Tupac Shakur (1971-1996) was born to lead a revolution.
His mother, Afeni Shakur, was a prominent Black Panther,1 who was arrested with the Panther 21. Afeni, a brilliant public speaker, represented herself in court even though she wasn’t a lawyer. In her cross-examination, she eviscerated the police informants who set-up the Panthers. Afeni’s, and the other Panthers’ charges were dismissed, but she had already spent two years behind bars.
A month later, Afeni gave birth to Tupac, who would later say:
…I was cultivated in prison, my embryo was in prison.2
Tupac was also cultivated in the heart of a crumbling social justice movement. He watched as the Panthers lost power. He saw Panthers—including his god parents—locked up for crimes of which they would later be found innocent. He saw his mother betrayed by other Panthers. And he saw the failures of trickle down economics in the urban neighborhoods he grew up in. All of this instilled in Tupac a deep commitment to social justice.
His early music was explicitly political. And it all stemmed from his relationship with his mother, explored in this excellent documentary series. Watch the trailer, if only for the clips of Tupac as an endearing high school student.
Tupac’s life ended in the cross-fires of gang violence, but his ending should not define his life. Instead, I will focus on Tupac’s vibrant politics and his poetic brilliance.
Tupac’s “The New Afrikan Panthers” Notebook
Tupac might have become a prominent political leader if his music career hadn’t been so successful. For a time, he was the national chairman of the New Afrikan Panthers—a group that “aimed to raise consciousness in Black youth through intensive lectures on Black history and critical-thinking discussions that evoked pride and resilience.”3 As was his practice, Tupac devoted a notebook to this project:
Tupac’s charisma and intelligence made him a born leader. From the start, his poetic talent was entwined with his commitment to social justice. For example, when his godfather, Jamal Joseph, was incarcerated, an 11-year-old Tupac created a book of poems for him.

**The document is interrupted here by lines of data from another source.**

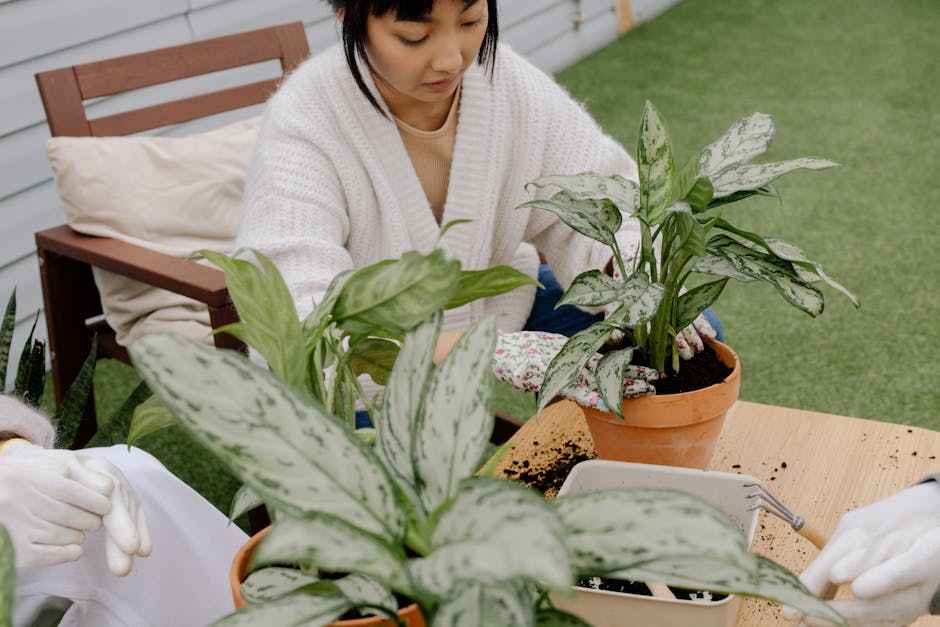 Conservatory Roofs grants in Bebington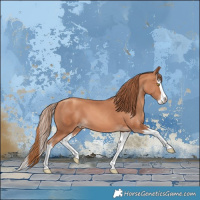 Horse Color:Gold Champagne Splash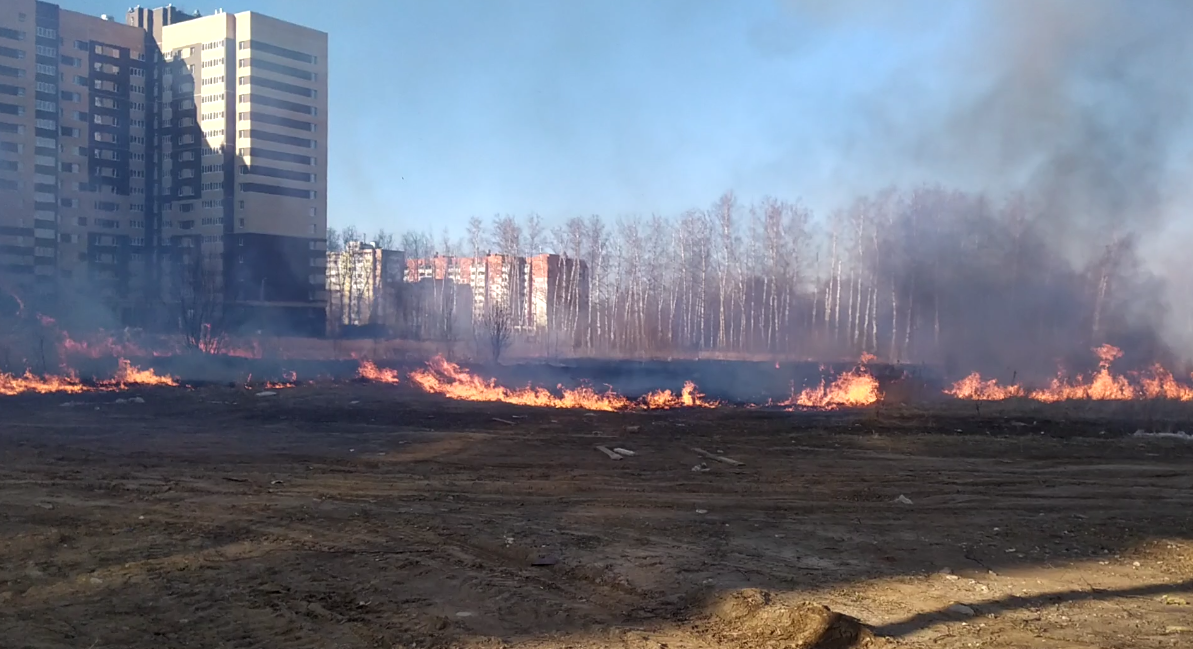 Пылающие поля: возле домов на улице Шереметьевской подожгли траву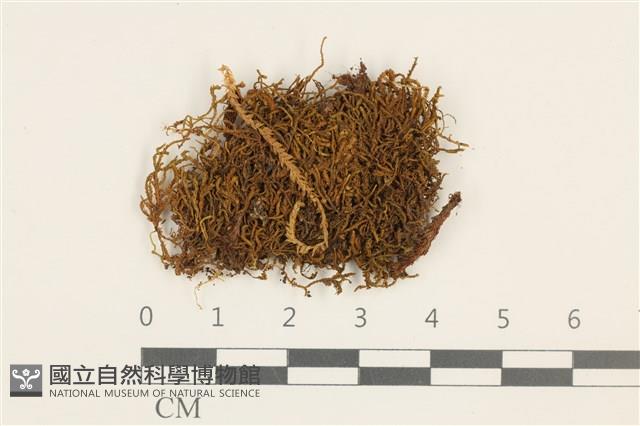 登錄號:B00011873藏品圖，第1張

The young Tupac dedicates the book to his family
Who are imprisoned for trying to build a better nation for me.
Tupac encourages Joseph to stay strong and proudly shows off his test scores, as an aside, he writes,
By the way I’m in the 6th grade
I’ll be twelve in June 16, 1983
Tupac had just learned about the Japanese haiku4 and includes his own verses on dreaming, on faith, and on being Black:
Faith
Faith is what we need
it keep us alive day by day
Faith is important
Black
Black is our color
We were born black in Africa
I am black and proud
At the end, Tupac declares himself to be a “Future Freedom Fighter.”
Tupac would continue writing poetry through his adolescence and into adulthood. It remained an outlet for his rage at the inequality he saw around him. He also wrote many love poems, which I’ll explore in this week’s postscript.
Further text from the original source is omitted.